Wednesday, September 22


US refuses to back world hunger battle:

THE United States faced condemnation today after failing to join more than 100 countries as part of a new campaign to raise an extra $50 billion (£28bn) annually in aid to combat global hunger.

On the eve of the annual gathering of the General Assembly, more than 50 heads of state and government joined a debate at the United Nations that focused on the impact of globalisation and on ways to finance the war against poverty.

French President Jacques Chirac called the pledge to take action "unprecedented".

The declaration also urged governments to seriously consider a report prepared for the conference, setting out a series of options for raising money.

These included a global tax on financial transactions, a tax on the sale of heavy arms, an international borrowing facility and a scheme for marketing credit cards whose users would donate a small percentage of their charges to the cause.

"The greatest scandal is not that hunger exists but that it persists even when we have the means to eliminate it. It is time to take action," said a declaration signed by 110 nations and adopted at the close of a World Leaders Summit on Hunger held at UN headquarters.

But the US poured cold water on the project, with the leader of the American delegation, agriculture secretary Ann Veneman, dismissing it.

"Economic growth is the long-term solution to hunger and poverty," she told the meeting. "Global taxes are inherently undemocratic.
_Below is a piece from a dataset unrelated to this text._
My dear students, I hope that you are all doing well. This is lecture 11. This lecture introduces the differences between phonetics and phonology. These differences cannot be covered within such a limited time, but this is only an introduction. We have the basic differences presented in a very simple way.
Implementation is impossible."

Brazil’s president Luiz Inacio Lula da Silva criticised the US for failing to endorse the pledge.

"How many more times will it be necessary to repeat that the most destructive weapon of mass destruction in the world today is poverty?" said Mr Lula. "We must harness globalisation. We must turn it into a positive force."
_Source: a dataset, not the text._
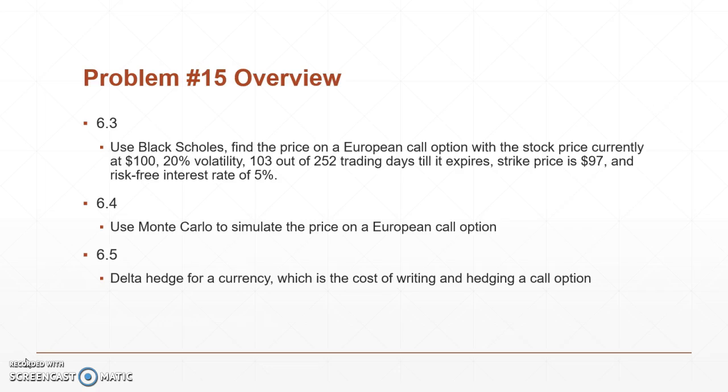In 6.5 we look at what's called a delta hedge for a currency, which is the cost of writing and hedging a call option. So let's look at what this looks like in MATLAB.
Mr Chirac predicted the US position could change after the November 2 elections.

"Let’s see when things settle down what their position will be," the French leader said. "However strong the Americans may be, you cannot in the long run emerge victorious by opposing an idea that is backed by 100 countries, creating a new political situation."

Two thoughts.

First. When I was a kid, I remember a time when the American Red Cross announced it was out of money. The whole world reacted -- some Canadian disk jockey released a best-selling record that was a tribute to America's compassion as evidenced by the worldwide actions of the Red Cross. It made me feel so GOOD that my country was known for its Good Samaritan-ism. Guess those days are gone. All my life, the "Communists" were the bad guys, we were the good guys. That's all changed now, AND IT ONLY TOOK ONE MAN AND THREE YEARS TO MAKE IT HAPPEN.

Second. Notice Chirac's last-paragraph observation. When John Kerry suggests a change of administration will result in a difference in attitude among the world's leaders regarding Iraq and other issues, HE'S RIGHT.